Brownback aide hints plan to touch on sales tax

? Gov. Sam Brownback wouldn’t discuss details Thursday after one of his top aides hinted that the administration’s forthcoming plan to cut income taxes also would affect Kansas’ state sales tax.

Brownback said during an interview with The Associated Press that his tax plan is still in development and that he’ll release the details Jan. 11, during his annual State of the State address. He would only say that his goal is to make Kansas’ income tax simpler and fairer.

He and other administration officials have said they believe reducing the state’s top individual income tax rates will help spur economic growth.

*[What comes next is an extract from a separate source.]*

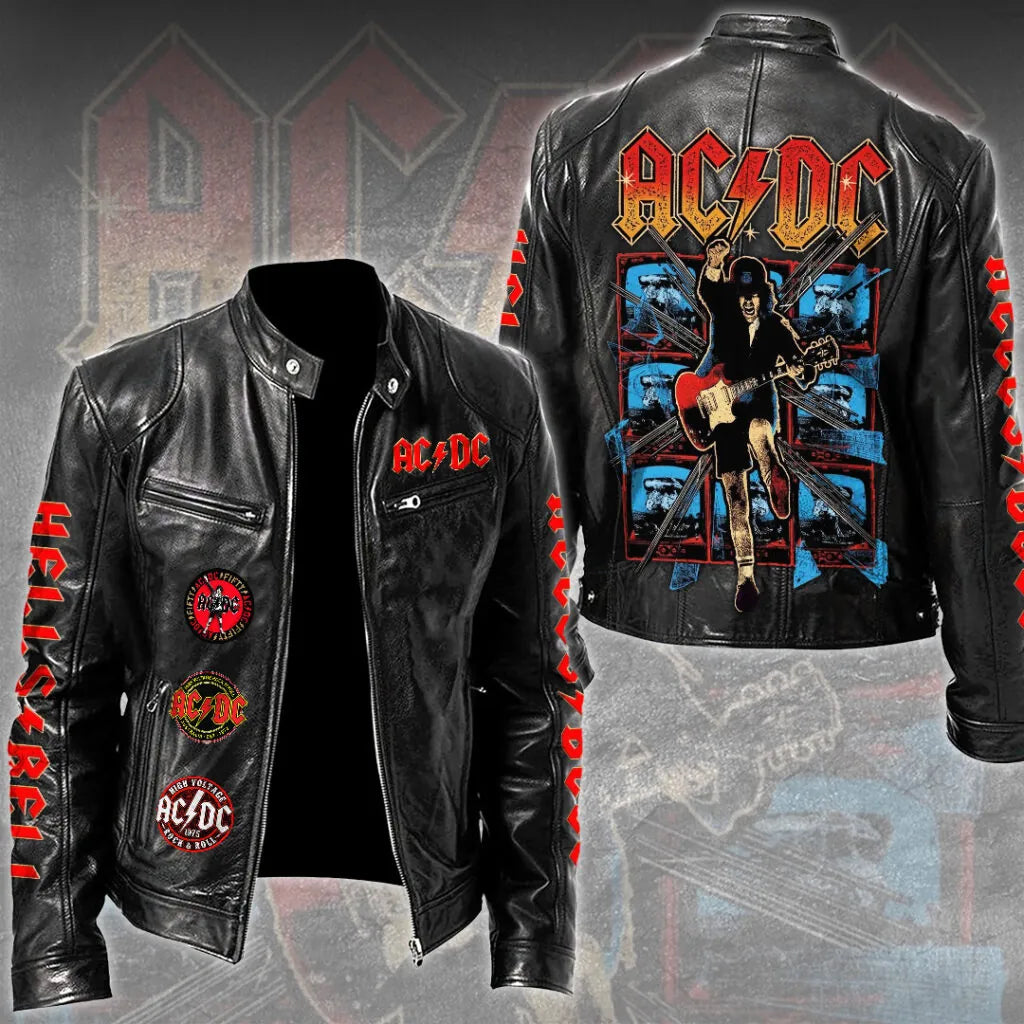 LIMITED EDITION - NEW CUSTOMIZED AC/DC MOTORCYCLE LEATHER JACKET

But they’ve also said that any cuts in income taxes would be offset by other changes, so that the plan doesn’t decrease the state’s overall revenues.

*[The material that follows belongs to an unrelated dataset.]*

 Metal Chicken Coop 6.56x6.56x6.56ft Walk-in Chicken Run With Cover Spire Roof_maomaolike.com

That’s led to speculation about how Brownback’s administration would propose offsetting income tax cuts, with changes in the state sales tax as a possibility, either by adjusting its overall rate or by eliminating exemptions to it. There also has been speculation about eliminating or reducing income tax credits and deductions.

Landon Fulmer, the governor’s policy director, said Wednesday during a meeting with the State Board of Education that the “tax plan will have a sales tax component.”

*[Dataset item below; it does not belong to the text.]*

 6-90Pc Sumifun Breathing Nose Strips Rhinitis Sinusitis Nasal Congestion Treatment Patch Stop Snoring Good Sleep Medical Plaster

The Republican governor told the Lawrence Journal-World earlier this week that he won’t seek to lower corporate income taxes, though he declined to discuss specifics of his plan Thursday.

“It’ll be aggressive,” he told the AP. “It will be flatter, simpler, fairer. It will be pro-growth in its orientation.”

The state increased its sales tax in 2010 from 5.3 percent to 6.3 percent, to balance the state budget. But the rate is due to drop to 5.7 percent on July 1, 2013, a concession that Brownback’s predecessor, Democratic Gov. Mark Parkinson, used to sell an increase to the GOP-controlled Legislature.

The coming change will cost the state $311 million in revenue during the budget year that begins July 2013.

Senate Ways and Means Committee Chairwoman Carolyn McGinn, a Sedgwick Republican, has proposed dropping the sales tax to 5.7 percent at the start of 2013, arguing that the economy has recovered enough to fulfill the promise of a decrease six months early.

But Brownback also is proposing to overhaul how Kansas finances its public schools. His plan would take effect at the same time and promises a $45 million increase in aid that would mostly go to rural school districts.

When Fulmer outlined the school funding plan Wednesday, Board of Education member Walt Chappell, a Wichita Republican, questioned whether the state could afford it. He cited the coming drop in the sales tax and Brownback’s push for income tax cuts as reasons. Fulmer then mentioned that the tax plan would deal with the sales tax.

State Democratic Party Chairwoman Joan Wagnon, a former state revenue secretary, said the state has relatively few options if sales tax revenues are to fill any gap created by income tax cuts.

She said he could attempt to eliminate exemptions to the sales tax, though past efforts to do so have had only limited success with legislators. Kansas could keep the sales tax at 6.3 percent, lessen the coming decrease or drag it out. It also could divert sales tax revenues that now go by law to highway projects to general government programs.

Wagnon worries that any such changes, coupled with income tax cuts, would shift more of the state’s tax burden to poor and middle-class families.

“I certainly do have a huge concern about any plan that would offset income tax cuts with sales tax revenues,” she said.